# Office 2010 will not display its own help files



## arkoenig (Jun 5, 2008)

I'm running Office 2010 on Windows XP SP3. Whenever I try to ask for help, it pops up a dialog box that says:

There is a problem with one or more installed help files. Please repair your Office installation and try again.

I tried repairing the installation; no luck.

I tried renaming c:\Documents and Settings\All Users\Application Data\Microsoft Help and repairing the installation. Office created a new version of that folder and populated it. Office still won't display its help files.

If I log in as a different user, it works, which means there's something weird about my user profile.

It works fine on my other computer, which as far as I know is configured similarly.

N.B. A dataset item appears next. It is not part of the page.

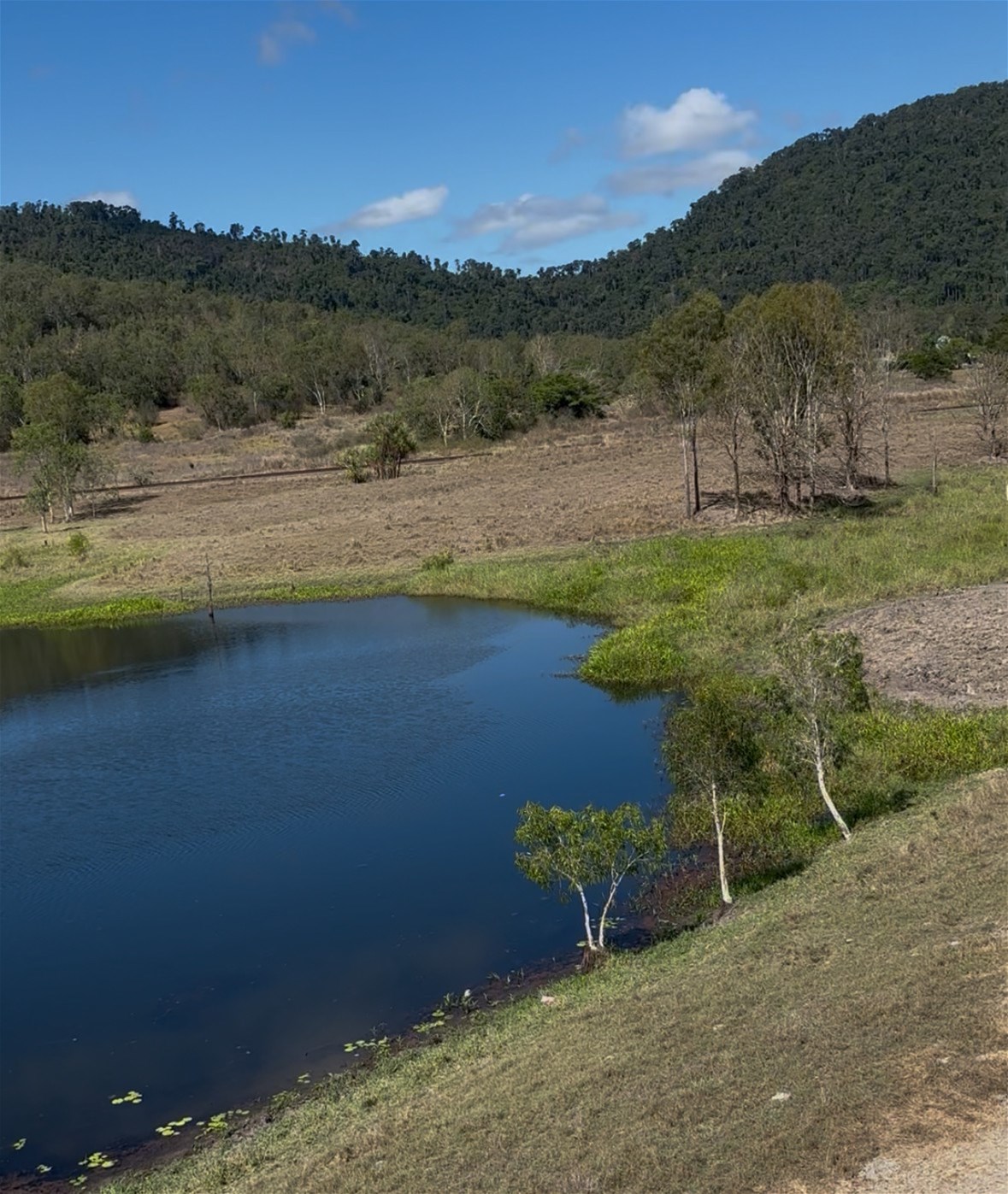 104 Mount Ossa Seaforth Road, Mount Ossa For Sale by Farmbuy.com - image 13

Any idea how I can find out what Office doesn't like about my user profile? I've seen the suggestion elsewhere that the way to solve this problem is to create a brand new user profile, copy all your stuff over to it, and use that instead. I really, really don't want to do that because of the number of unknown other things it is sure to screw up.


----------



## arkoenig (Jun 5, 2008)

In case anyone cares, I solved the problem.

The trick is to launch Internet Explorer, select Tools -> Internet Options -> Delete...

Then make sure "Temporary Internet Files" is checked, "Preserve Favorites website data" is _unchecked_ and select Delete again. If "Preserve Favorites website data" is left checked by accident, as I did the first few times I tried, it won't solve the problem


----------